**TASK DIRECTIONS:**
Once you find the line below that has "Сірий Опель Віваро, об'ємом", output it and every line after it exactly, stopping after the line that has "Anillo vintage de", with no pictures.

**THE INPUT:**
- - -
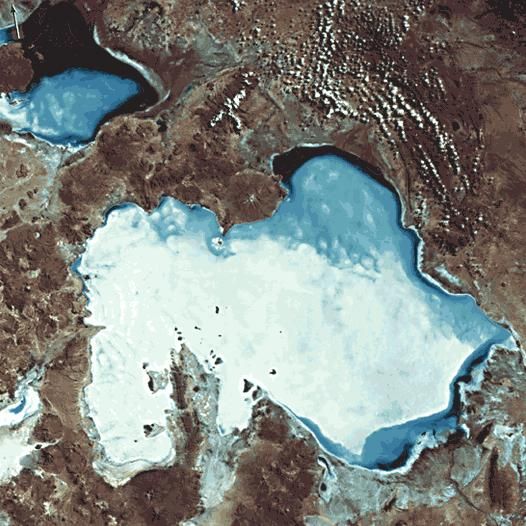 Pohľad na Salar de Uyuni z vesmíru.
- - -
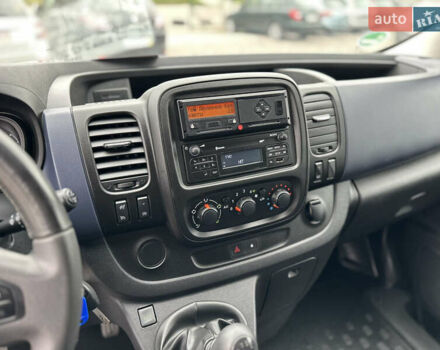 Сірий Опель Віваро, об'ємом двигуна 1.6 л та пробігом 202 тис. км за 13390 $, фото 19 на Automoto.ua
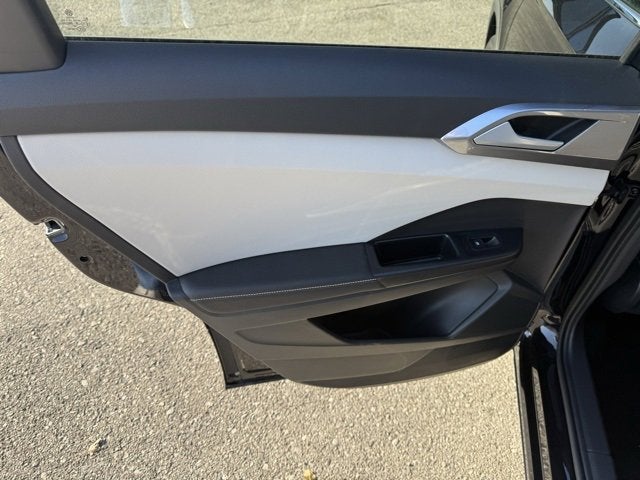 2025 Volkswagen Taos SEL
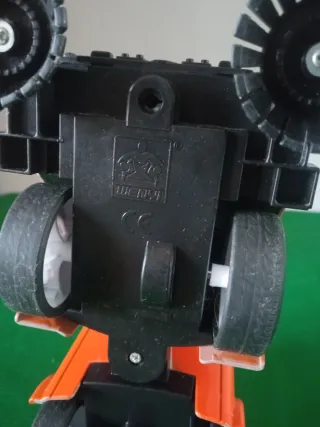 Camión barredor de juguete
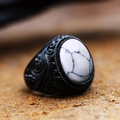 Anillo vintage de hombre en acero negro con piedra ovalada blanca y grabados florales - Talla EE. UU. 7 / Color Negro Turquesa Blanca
- - -
**SOLUTION TO THE EXERCISE:**
 Сірий Опель Віваро, об'ємом двигуна 1.6 л та пробігом 202 тис. км за 13390 $, фото 19 на Automoto.ua
 2025 Volkswagen Taos SEL
 Camión barredor de juguete
 Anillo vintage de hombre en acero negro con piedra ovalada blanca y grabados florales - Talla EE. UU. 7 / Color Negro Turquesa Blanca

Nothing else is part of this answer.